In doing so, the village has directly contradicted the position of their Member of Parliament, Fuimaono Te'o Samuelu, who sits in the Special Parliamentary Committee that is conducting public consultations on the Lands and Titles Bill 2020, Judicature Bill 2020 and the Constitutional Amendments Bill 2020.
Salani made their views known on Wednesday when they met with the Parliamentary Committee, chaired by Faasaleleaga Member of Parliament, Gatoloaifaana Amataga Alesana-Gidlow.
Salani spokesperson, Fuimaono Gaoia Kalama, confirmed the village's position during an interview with the Samoa Observer after the meeting.
"Salani's thoughts on these bills are not the same as the Committee, especially our Member of Parliament for Falealili East," he said.
"And we have made it known to them that we object to the three bills which are currently before Parliament."
Fuimaono said the limit number of families' matai sa'o (paramount chief) titles is the most concerning aspect, saying it may cause conflict and division in families. During the consultation, the Parliamentary Committee explained to his village that the limit on the number of matai sa'o of families was prompted after a series of seminars in 2016.
The required presence of the village mayor (sui o le nu'u or pulenu'u) as a criteria for the validity of the bestowment of a matai title was also questioned by the village.
Salani also raised concerns about the security of customary land saying the bills may be a gateway for the Government to take the people's lands.
In response, the Committee reminded them of Article 102 of the Constitution of Samoa saying the Government has no interest in taking the people's lands.
"If a family wishes to lease their land, that is their choice, it is their property.
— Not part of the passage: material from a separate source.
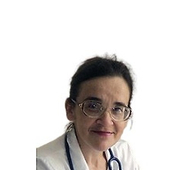 Кувшинова Галина Витальевна, педиатр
And once the lease is over, it returns to its rightful owners," Fuimaono Te'o explained.
"Otherwise, the Government would be seeking a two-thirds majority vote from electors if the intention was to seek the power of alienating customary lands, that's the only way to do it."
The proposal before Parliament would amend the Constitution to make the L.T.C. an entirely autonomous body and branch of Government with its own L.T.C. High Court and Court of Final Appeal and Review; insulated from review by the Supreme Court.
Another Salani chief, Fuimaono Sarona Ponifasio, said "more preparation is needed" if the bills are to proceed further.
Fuimaono, who is a lawyer by profession, said there are many areas in the bills where clarity is needed.
She did not elaborate.
The village had also challenged the Government to allocate a large portion of the Ministry of Justice and Court Administration budget to the Lands and Titles Court.
"We had given them a challenge that if this is what they want, then they should be able to give it 50 per cent of the funding allocated to the Ministry to provide proper resources and services," she said.
In July, Salani invited the Former Head of State, Tui Atua Tupua Tamasese Efi to speak on the three bills.
Tui Atua had expressed concerns about the bills, their implication on customary land and the threat of land alienation.
Other villages who had met with the Committee on their last day out in the field included Sapo'e, Utulaelae, Salesatele and Siuniu.
Wednesday was the last day of public consultations, carried out by the Special Parliamentary Committee. They have been hearing opinions and explaining the three bills for the last three months, starting in Savaii.